Marc 13/11/2021
Muitos acreditam que a morte é o fim de tudo, que não há resquício de nós em lugar algum depois que nosso corpo se desfaz. Diante de uma possibilidade dessas, como devemos lidar com as vicissitudes da vida? Como devemos encarar a vida, portanto? Como uma sucessão de tentativas de obter prazer, de afastar a dor e o sofrimento ou como a chance de construir algo, de deixar algo depois de nossa morte, suavizar a vida daqueles que cruzam nosso caminho?
Pois é essa a questão que pode ser pensada a partir dessa HQ. O desfecho da história é óbvio, basta um pouquinho de atenção para saber qual será o final. E fiquei até bastante decepcionado, porque esperava ao menos um pouquinho de criatividade nesse ponto, mas não vou criticar por essa razão. O que eu gostaria de assinalar é o tremendo descaso com a vida dos outros que Julien, o protagonista, apresenta e que vai ser o verdadeiro fio condutor de sua vida.

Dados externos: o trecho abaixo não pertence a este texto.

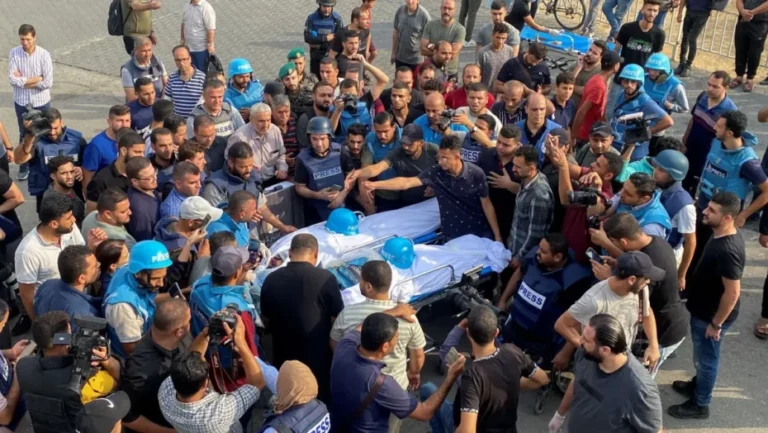 Jornalistas palestinos são mortos em Gaza / Foto: Arafat Barbakh/Reuters (10.out.23)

Ele pula do trem que o levaria à guerra e que seria morte certa, ou, talvez, sofrimento psicológico e físico. Julien sabe que não vai tirar nada de positivo dessa experiência, por isso, decide não participar. Logo de cara, antipatizei com ele, porque mesmo a morte sendo quase certa, tendo uma possibilidade altíssima de acontecer, uma pessoa madura jamais deixaria de lutar para tentar libertar aqueles que ama. A partir disso, já sabia que estava diante de um personagem real, comum, irresponsável e covarde, mas que apresentava traços de simpatia para disfarçar sua falta de comprometimento com a vida das pessoas. Ele não pensa jamais em aproveitar o tempo que ganhou, a chance de fazer alguma coisa; só pensa na garota que ama e não consegue deixar de bisbilhotar a vida das pessoas.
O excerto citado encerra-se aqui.